Paul Pierce of the law firm Kevin Winters and Company said: “Prison service policy breaches Mr McCafferty’s rights under article 10 of the European Convention [on Human Rights] relating to freedom of expression.”
The judicial review is expected to be heard next month.
Meanwhile, Sinn Féin Assembly member for Fermanagh and South Tyrone Thomas O’Reilly has expressed his concern at the conditions being experienced by those prisoners being held in the segregated wing in Maghaberry.
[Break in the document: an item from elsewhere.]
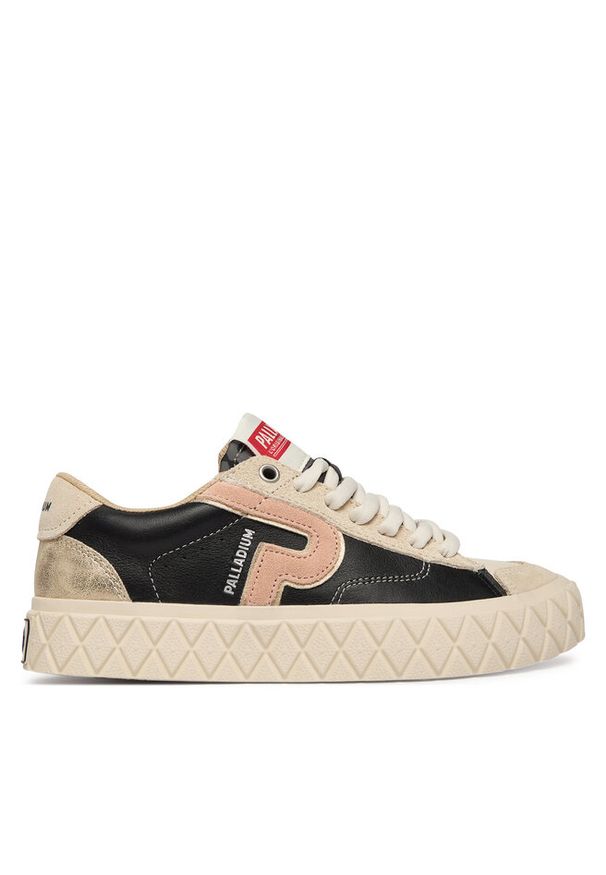 Sneakersy Palladium. Wzór: kolorowy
Mr O’Reilly’s remarks come after he was contacted by the families of some of those currently being held on the republican wing in the prison.
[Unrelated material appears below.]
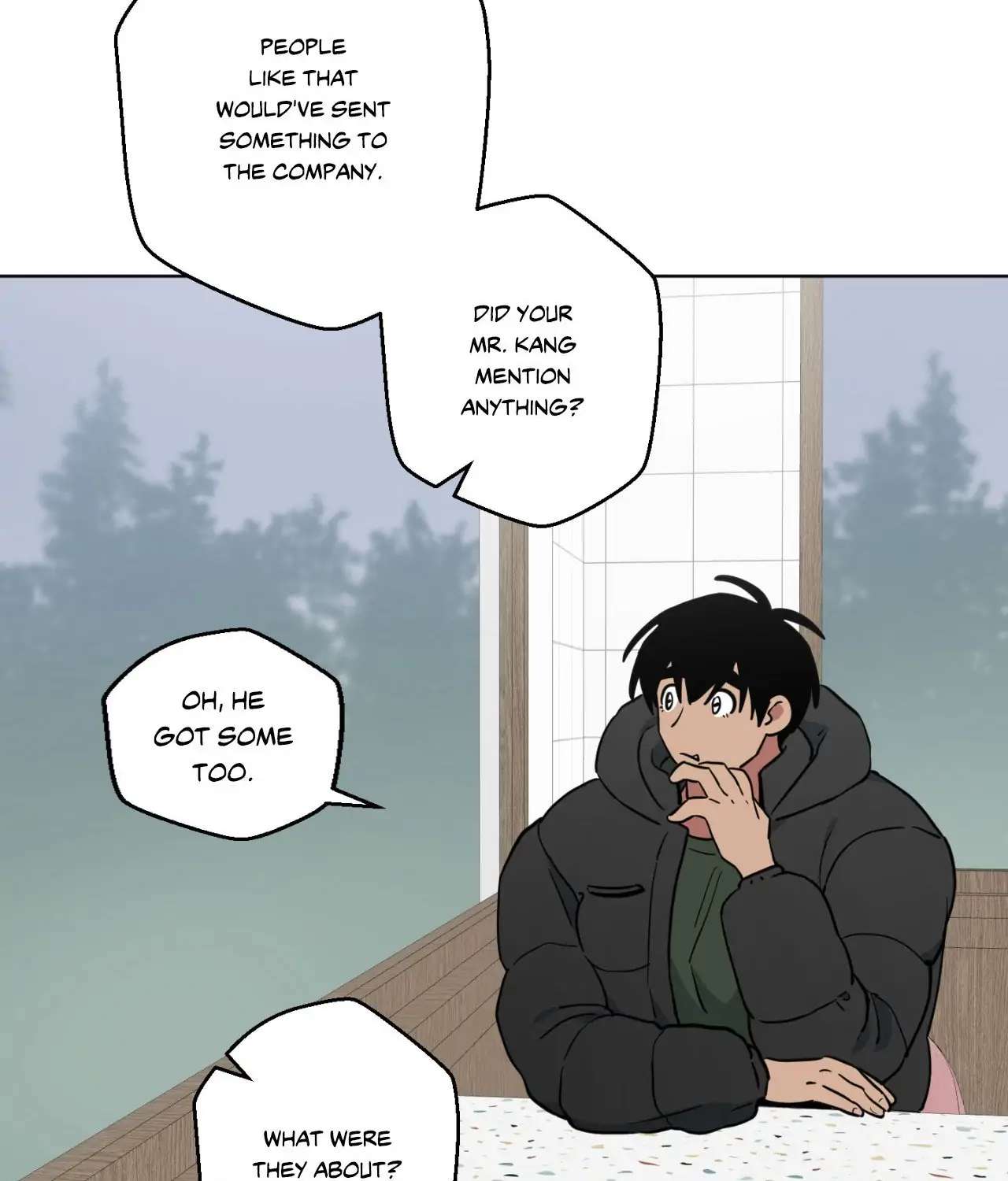 Read Write Me, Touch Me, Read Me chapter 29 image 7 on Lezhin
“In August 2003 Sinn Féin made it clear to the British government that the practice of forced integration which they were attempting to operate within Maghaberry was flawed and doomed to failure,” he said.
“Shortly after this the British government did introduce a segregated section within Maghaberry to house republican prisoners in the face of opposition from the Prison Officers Association.
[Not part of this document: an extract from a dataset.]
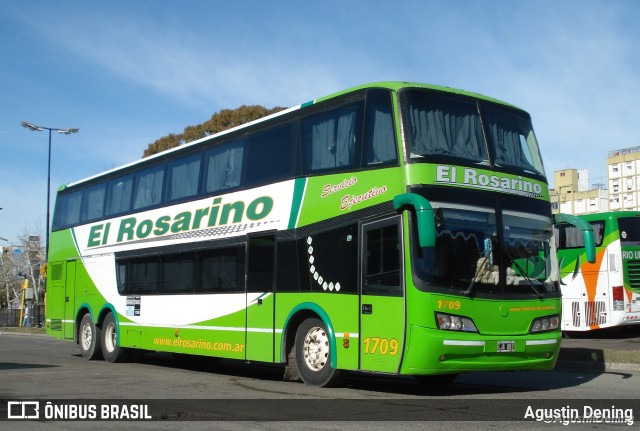 El Rosarino 1709 na cidade de Rosario, Rosario, Santa Fe, Argentina, por Agustin Dening. ID da foto: 8156646.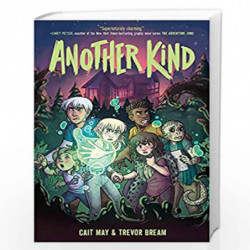 ANOTHER KIND by Bream, Trevor Book-9780063043534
“Unfortunately it appears that the regime being imposed on those being held in the segregated wing differs greatly from the other parts of the prison.
Mr O’Reilly said there was a “firm belief” that the men being held in Maghaberry are “pawns in a wider battle” between the prison administration, the British government and prison warders, who he blamed for resisting equal and fair treatment for prisoners.
“I have been given numerous accounts of persistent strip searching, petty regulations and difficulties accessing adequate education facilities.”
“There must be a realisation that all prisoners have the right to be treated in a humane fashion regardless of their political or religious affiliation and that conflict within the prison system is in nobody’s interest.”